Explaining field extensions

Question

Let $K$ be a field. I have seen this construction in lectures but am having difficulty understanding it. Let $P(x) \in K[x]$, an irreducible polynomial, whose "root" may not exist in $K$ which we call $\alpha$. Then, $$ \frac{K[X]}{\langle P(X) \rangle} $$ is a field, and a bigger one that we started with. Firstly, why is this a field? And secondly, the only construction that I know of starts with an element $\alpha$ in some bigger field of $K$, and then derives the minimal polynomial of $\alpha$. But in the construction above we are starting from an irreducible polynomial (which is supposed to be the minimal polynomial of $\alpha$ I suppose), and ending by somehow deriving a (sometimes) non-existent (in $K$) element $\alpha$. Is there a way to explain this clearly and rigorously? I'm just having a hard time getting my head around these constructions.

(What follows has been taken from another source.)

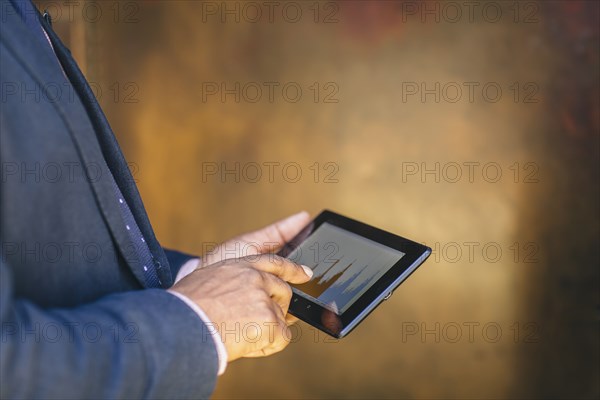 Mixed race businessman using digital tablet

(A construction that goes "the other way around" might be: Prove that $p(x)$ is irreducible in $F[x]$)

Answer 1

There is a lemma which says that if $R$ is a commutative ring and $\mathfrak m$ a maximal ideal in $R$, then $R/\mathfrak m$ is a field. This follows from the correspondence between ideals of $R$ containing $\mathfrak m$ and ideals of $R/\mathfrak m$ (they are in bijection). And fields are exactly the commutative rings with two ideals (the two trivial ideals containing either just $0$, or the entire ring). This is because an ideal contains a unit if and only if it is already identical to the entire ring. So if the zero ideal and the entire ring are the only ideals, then every element except for $0$ must be a unit. But that's what a field is. And we can also note that if $\mathfrak m$ is maximal, then there are exactly two ideals in which it is contained: $\mathfrak m$ itself, and all of $R$. By the correspondence with ideals of $R/\mathfrak m$, we see that $R/\mathfrak m$ has only two ideals, and is thus a field.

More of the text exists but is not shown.